We will create t-SNE plots for each model, highlighting "match sets" within clusters.

**5.1. Prepare Data for t-SNE Visualization**

In [None]:
# Create a mapping of "match sets"
def get_match_set(image_name):
    # Extract the prefix before the underscore (e.g., '387' from '387_01.jpg')
    match = re.match(r'^(\d+)_\d+\.jpg$', image_name)
    if match:
        return match.group(1)
    else:
        return 'pubmed'

# For each model, prepare the DataFrame with embeddings and labels
for model in models:
    embeddings = model_data[model]['embeddings']
    image_files = model_data[model]['image_files']
    
    df = pd.DataFrame({
        'image_file': image_files,
        'embedding_index': range(len(image_files))
    })
    
    df['match_set'] = df['image_file'].apply(get_match_set)
    model_data[model]['df'] = df

**5.2. Compute t-SNE Embeddings**

In [None]:
# Compute t-SNE embeddings for each model
for model in models:
    print(f'Computing t-SNE for {model}...')
    embeddings = model_data[model]['embeddings']
    
    # Reduce dimensions to 2D
    tsne = TSNE(n_components=2, random_state=42, perplexity=30, n_iter=500)
    embeddings_2d = tsne.fit_transform(embeddings)
    model_data[model]['embeddings_2d'] = embeddings_2d

**5.3. Visualize t-SNE Plots with Highlighted Match Sets**

In [None]:
# First, perform K-Means clustering on the embeddings
num_clusters = 10  # Adjust based on your dataset size
for model in models:
    embeddings = model_data[model]['embeddings']
    kmeans = KMeans(n_clusters=num_clusters, random_state=42)
    cluster_labels = kmeans.fit_predict(embeddings)
    model_data[model]['cluster_labels'] = cluster_labels

# Updated plotting code
import matplotlib.patches as mpatches

def plot_tsne_with_clusters_and_matches(model):
    embeddings_2d = model_data[model]['embeddings_2d']
    df = model_data[model]['df']
    cluster_labels = model_data[model]['cluster_labels']
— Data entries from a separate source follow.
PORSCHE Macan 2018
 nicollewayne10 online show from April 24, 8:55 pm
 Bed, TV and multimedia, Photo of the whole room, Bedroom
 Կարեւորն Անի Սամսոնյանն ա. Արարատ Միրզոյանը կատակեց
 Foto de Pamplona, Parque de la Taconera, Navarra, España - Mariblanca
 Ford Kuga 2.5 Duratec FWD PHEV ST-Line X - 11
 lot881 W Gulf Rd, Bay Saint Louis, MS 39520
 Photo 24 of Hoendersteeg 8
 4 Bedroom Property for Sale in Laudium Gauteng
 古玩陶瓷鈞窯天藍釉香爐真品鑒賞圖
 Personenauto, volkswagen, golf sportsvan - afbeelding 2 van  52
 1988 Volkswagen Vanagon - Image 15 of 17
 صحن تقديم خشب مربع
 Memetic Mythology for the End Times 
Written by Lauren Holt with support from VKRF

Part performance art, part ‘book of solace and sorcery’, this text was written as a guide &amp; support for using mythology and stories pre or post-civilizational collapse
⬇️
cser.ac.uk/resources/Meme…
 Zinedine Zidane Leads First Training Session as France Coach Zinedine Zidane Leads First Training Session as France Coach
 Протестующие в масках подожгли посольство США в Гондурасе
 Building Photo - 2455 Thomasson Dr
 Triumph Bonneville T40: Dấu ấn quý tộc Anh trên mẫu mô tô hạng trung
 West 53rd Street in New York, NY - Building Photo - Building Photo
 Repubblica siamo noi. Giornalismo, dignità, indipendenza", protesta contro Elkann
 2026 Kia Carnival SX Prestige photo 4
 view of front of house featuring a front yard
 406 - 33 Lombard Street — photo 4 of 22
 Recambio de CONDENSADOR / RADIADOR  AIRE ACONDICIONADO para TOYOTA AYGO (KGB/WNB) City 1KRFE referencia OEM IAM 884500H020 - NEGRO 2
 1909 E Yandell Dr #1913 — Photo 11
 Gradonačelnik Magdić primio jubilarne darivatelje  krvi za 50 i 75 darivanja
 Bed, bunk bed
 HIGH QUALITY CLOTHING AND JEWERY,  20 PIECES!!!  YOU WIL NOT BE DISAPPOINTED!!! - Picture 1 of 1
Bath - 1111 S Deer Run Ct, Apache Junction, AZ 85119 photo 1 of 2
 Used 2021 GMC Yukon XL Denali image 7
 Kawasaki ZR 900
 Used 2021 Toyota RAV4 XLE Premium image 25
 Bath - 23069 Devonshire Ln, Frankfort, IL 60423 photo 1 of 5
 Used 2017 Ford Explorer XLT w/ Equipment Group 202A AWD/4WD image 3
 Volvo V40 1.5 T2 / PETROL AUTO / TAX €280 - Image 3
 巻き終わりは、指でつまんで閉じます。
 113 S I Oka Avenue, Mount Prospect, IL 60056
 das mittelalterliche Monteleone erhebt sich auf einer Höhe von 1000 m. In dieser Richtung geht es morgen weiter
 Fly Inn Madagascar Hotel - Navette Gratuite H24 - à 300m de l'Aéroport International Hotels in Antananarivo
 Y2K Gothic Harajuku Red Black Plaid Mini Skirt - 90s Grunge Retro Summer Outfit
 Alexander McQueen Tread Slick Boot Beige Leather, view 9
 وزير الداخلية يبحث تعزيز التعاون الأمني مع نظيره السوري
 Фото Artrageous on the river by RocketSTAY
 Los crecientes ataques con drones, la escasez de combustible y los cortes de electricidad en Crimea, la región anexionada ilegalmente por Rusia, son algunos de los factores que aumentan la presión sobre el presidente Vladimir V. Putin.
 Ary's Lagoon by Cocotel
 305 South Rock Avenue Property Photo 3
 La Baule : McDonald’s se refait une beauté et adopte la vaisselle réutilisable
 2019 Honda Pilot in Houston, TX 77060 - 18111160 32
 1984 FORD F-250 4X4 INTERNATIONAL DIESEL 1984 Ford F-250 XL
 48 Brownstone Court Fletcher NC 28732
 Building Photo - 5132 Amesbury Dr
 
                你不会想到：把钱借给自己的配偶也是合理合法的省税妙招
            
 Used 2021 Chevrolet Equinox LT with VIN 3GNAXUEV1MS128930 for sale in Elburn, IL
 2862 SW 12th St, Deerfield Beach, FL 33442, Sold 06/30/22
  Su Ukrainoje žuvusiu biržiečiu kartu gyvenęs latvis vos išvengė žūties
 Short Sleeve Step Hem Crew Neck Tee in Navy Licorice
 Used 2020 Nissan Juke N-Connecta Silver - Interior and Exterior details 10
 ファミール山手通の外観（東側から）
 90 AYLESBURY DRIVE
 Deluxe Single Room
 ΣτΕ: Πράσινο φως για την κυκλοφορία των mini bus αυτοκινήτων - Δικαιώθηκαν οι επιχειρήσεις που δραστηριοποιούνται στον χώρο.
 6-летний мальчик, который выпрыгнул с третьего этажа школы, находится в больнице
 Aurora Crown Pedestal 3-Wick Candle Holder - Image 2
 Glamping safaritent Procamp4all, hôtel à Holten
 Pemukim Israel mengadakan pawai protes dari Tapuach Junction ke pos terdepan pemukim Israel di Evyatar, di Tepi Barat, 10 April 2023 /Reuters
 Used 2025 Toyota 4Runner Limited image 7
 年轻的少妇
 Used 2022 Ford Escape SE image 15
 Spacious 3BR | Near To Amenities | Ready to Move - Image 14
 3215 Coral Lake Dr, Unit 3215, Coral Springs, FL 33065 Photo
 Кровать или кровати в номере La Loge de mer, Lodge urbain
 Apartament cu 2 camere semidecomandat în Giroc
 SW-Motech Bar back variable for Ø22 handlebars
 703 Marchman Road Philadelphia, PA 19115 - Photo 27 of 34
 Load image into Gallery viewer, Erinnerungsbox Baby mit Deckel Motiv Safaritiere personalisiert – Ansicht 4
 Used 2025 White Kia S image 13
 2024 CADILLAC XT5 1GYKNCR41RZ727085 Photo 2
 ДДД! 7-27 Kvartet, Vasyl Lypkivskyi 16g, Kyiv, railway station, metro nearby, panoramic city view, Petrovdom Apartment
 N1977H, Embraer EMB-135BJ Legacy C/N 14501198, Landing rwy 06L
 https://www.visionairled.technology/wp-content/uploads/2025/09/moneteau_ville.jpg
    plt.figure(figsize=(12, 10))

    # Plot all images colored by their cluster labels
    scatter = plt.scatter(
        embeddings_2d[:, 0], embeddings_2d[:, 1],
        c=cluster_labels, cmap='tab10', s=10, alpha=0.6
    )

    # Highlight 'matches' images
    matches_df = df[df['match_set'] != 'pubmed']
    match_sets = matches_df['match_set'].unique()

    # Assign different markers and edge colors to different match sets
    markers = ['o', 's', '^', 'D', 'v', 'P', '*', 'X', 'h', '+']  # Extend if needed
    edge_colors = ['black', 'blue', 'green', 'red', 'purple', 'orange', 'brown', 'pink', 'gray', 'olive']
    match_set_styles = {}
    for i, match_set in enumerate(match_sets):
        match_set_styles[match_set] = {
            'marker': markers[i % len(markers)],
            'edgecolor': edge_colors[i % len(edge_colors)]
        }

    # Plot 'matches' images with specific markers and edge colors
    for match_set in match_sets:
        indices = matches_df[matches_df['match_set'] == match_set].index
        plt.scatter(
            embeddings_2d[indices, 0], embeddings_2d[indices, 1],
            facecolors='none',
            edgecolors=match_set_styles[match_set]['edgecolor'],
            marker=match_set_styles[match_set]['marker'],
            s=80, linewidths=1.5,
            label=f'Match Set {match_set}'
        )

    plt.title(f'{model} Embeddings t-SNE Plot with Clusters and Highlighted Match Sets')
    plt.xticks([])
    plt.yticks([])

    # Create legend for match sets
    handles = []
    for match_set in match_sets:
        style = match_set_styles[match_set]
        marker = plt.Line2D(
            [], [], color=style['edgecolor'], marker=style['marker'],
            linestyle='None', markersize=10, markerfacecolor='none',
            label=f'Match Set {match_set}'
        )
        handles.append(marker)
    plt.legend(handles=handles, bbox_to_anchor=(1.05, 1), loc='upper left')
    plt.tight_layout()
    plt.show()

# Plot for each model
for model in models:
    plot_tsne_with_clusters_and_matches(model)

---
### **Step 6: Compare Retrieval Results Across Models**

We will select a single query image from the "matches" set and compare the retrieval results across different models.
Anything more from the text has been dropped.